The final results can be downloaded as two TSV files:

For example, internationally renowned climate change activist Greta Thunberg first appears in the Most Significant People list for a single day on March 15, 2019, the inaugural youth climate strike that she was the symbol of. She then appears again from September 20th through the 28th, as a massive wave of climate change protests spread across the world. The intense media coverage of these protests briefly made her the most significant person in the world according to the English news sample in the GEG on September 20th and 21st. A search for worldwide media coverage mentioning her name shows that both March 15th and September 20-28 correspond to the two vertical surges in coverage about her.

In short, given only a date and asked to find the most significant people defining that day in the news, in less than a second the Inference API examined the temporal patterns of 11 billion entity references, compared their usage on that day to the rest of the past three years and identified the ones most associated with that day.

When using the two lists above keep in mind that the GDELT Global Entity Graph is built from a very small random sample of English language news coverage each day, so its representativeness of the totality of global events and narratives is very small compared to GDELT as a whole and its focus on English coverage will necessarily skew these results towards English speaking nations.
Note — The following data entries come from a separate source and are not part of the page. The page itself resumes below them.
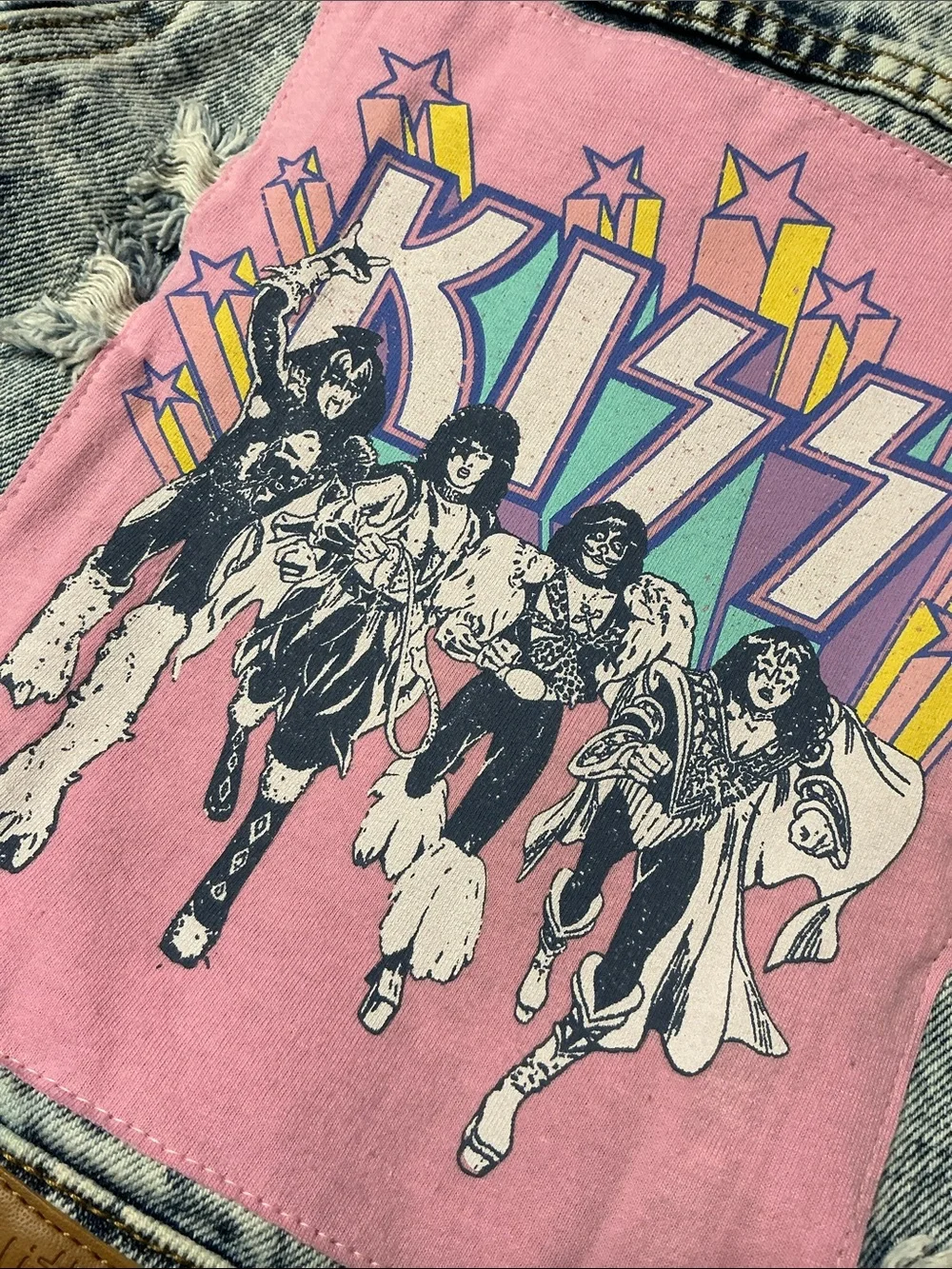 KISS Upcycled Denim 80s Stonewashed Distressed Band Jean Jacket Costume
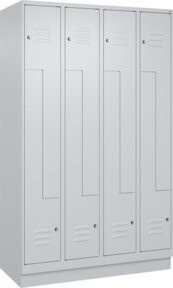 C+P Z-Spind Classic PLUS mit 8 Fächern und Sockel, Farbe Grau, B/H/T: 120 x 195 x 50 cm, mit Zylinderschloss - Bild 1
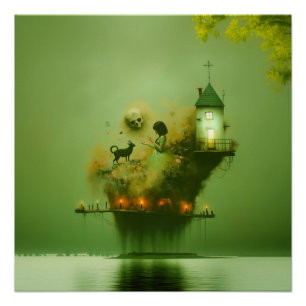 Pôster Abstrato Horns Cat Green Witchy AI Art Semi Gloss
At the same time, the ability to construct what amounts to a trending topics chronology over three years by simply feeding the Natural Language API’s output through the Inference API showcases just how powerful this pairing of Google Cloud APIs truly is.

Putting this all together, we started with a random selection of 100 million news articles and used the Cloud Natural Language API to identify the people, places, organizations, locations, dates, events and other major entities within. We then handed the resulting database of more than 11 billion identified entities to the Cloud Inference API and using just a single query per day, constructed a complete chronology of the most significant people and places defining each day over the last three years.

In the end, from massive archive of text to polished chronology of the most important people and places of the past third of a decade required just plugging together two tools: Cloud Natural Language API and Cloud Inference API and letting the cloud do the rest.